"""

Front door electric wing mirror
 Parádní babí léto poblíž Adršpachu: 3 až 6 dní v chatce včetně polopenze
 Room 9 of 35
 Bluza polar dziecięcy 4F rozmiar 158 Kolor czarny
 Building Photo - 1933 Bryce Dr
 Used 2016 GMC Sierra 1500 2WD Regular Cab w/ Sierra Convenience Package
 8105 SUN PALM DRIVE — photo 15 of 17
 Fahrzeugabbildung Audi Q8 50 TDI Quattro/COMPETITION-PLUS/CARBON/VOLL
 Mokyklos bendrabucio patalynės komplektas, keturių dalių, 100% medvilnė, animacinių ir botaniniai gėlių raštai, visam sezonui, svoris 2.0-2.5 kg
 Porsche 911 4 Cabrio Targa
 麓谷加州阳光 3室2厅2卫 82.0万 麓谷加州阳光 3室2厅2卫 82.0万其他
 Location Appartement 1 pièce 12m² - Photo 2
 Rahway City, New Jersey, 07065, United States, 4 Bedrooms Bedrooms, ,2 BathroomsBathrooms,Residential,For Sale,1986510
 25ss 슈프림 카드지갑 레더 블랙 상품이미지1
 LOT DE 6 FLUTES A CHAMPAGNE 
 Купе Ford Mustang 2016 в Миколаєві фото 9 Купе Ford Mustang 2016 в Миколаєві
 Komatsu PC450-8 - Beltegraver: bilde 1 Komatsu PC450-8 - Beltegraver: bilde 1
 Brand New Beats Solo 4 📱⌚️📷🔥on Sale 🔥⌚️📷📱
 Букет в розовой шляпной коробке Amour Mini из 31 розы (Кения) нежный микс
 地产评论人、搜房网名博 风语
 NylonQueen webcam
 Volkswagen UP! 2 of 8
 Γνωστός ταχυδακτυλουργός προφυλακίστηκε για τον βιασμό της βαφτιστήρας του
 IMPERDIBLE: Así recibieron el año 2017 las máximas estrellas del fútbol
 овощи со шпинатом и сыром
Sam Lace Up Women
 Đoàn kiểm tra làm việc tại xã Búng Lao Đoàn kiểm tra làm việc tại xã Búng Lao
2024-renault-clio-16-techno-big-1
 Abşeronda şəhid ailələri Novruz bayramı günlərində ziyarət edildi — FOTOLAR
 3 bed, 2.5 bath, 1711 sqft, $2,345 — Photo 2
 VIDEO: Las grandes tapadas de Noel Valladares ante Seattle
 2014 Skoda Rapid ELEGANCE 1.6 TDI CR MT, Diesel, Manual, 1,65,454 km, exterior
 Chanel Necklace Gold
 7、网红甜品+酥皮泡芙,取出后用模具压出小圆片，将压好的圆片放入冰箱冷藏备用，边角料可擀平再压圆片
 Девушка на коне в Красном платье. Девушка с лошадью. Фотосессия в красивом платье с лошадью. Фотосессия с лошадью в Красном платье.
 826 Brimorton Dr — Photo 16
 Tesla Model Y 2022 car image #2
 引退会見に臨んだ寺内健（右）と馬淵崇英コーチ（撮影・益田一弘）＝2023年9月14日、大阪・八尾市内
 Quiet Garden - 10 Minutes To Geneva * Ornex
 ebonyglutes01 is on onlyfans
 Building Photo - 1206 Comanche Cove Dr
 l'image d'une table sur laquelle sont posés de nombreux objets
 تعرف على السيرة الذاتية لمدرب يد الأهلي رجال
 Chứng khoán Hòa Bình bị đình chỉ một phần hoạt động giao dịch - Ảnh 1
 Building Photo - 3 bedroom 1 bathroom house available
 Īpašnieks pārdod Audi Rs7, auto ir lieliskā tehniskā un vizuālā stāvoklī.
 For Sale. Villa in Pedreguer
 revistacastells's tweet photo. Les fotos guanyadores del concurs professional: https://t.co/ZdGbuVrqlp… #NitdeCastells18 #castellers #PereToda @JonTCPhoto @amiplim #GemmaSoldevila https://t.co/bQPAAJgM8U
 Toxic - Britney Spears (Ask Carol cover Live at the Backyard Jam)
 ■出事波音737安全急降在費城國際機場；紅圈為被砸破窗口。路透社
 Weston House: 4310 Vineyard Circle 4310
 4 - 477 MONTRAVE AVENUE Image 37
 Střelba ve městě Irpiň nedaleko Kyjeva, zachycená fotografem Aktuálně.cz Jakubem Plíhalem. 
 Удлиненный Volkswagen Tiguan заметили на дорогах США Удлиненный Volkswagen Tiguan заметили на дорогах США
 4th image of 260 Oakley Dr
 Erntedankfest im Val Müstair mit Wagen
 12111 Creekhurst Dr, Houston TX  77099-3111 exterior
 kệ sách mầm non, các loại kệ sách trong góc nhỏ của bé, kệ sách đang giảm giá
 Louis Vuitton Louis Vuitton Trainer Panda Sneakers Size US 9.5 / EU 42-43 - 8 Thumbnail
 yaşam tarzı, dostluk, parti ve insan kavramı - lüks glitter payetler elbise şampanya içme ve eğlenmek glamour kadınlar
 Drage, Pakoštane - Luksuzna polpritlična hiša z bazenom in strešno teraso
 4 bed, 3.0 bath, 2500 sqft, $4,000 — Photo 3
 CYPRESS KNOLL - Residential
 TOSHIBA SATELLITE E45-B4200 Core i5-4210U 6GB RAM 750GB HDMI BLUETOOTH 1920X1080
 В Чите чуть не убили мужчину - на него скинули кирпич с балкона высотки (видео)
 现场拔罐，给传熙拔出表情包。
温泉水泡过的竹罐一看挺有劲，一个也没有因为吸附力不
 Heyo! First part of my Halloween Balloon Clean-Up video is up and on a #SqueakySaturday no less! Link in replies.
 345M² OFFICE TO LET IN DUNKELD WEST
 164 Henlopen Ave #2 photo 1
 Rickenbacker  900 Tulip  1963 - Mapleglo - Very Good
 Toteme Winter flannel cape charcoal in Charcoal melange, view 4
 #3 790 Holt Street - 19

"""

▸ **Brief**: Starting at the first line of the material above, reproduce each line exactly up to and including the line with "8105 SUN PALM DRIVE — photo 15 of 17".

▸ **Solution for this task**:
Front door electric wing mirror
 Parádní babí léto poblíž Adršpachu: 3 až 6 dní v chatce včetně polopenze
 Room 9 of 35
 Bluza polar dziecięcy 4F rozmiar 158 Kolor czarny
 Building Photo - 1933 Bryce Dr
 Used 2016 GMC Sierra 1500 2WD Regular Cab w/ Sierra Convenience Package
 8105 SUN PALM DRIVE — photo 15 of 17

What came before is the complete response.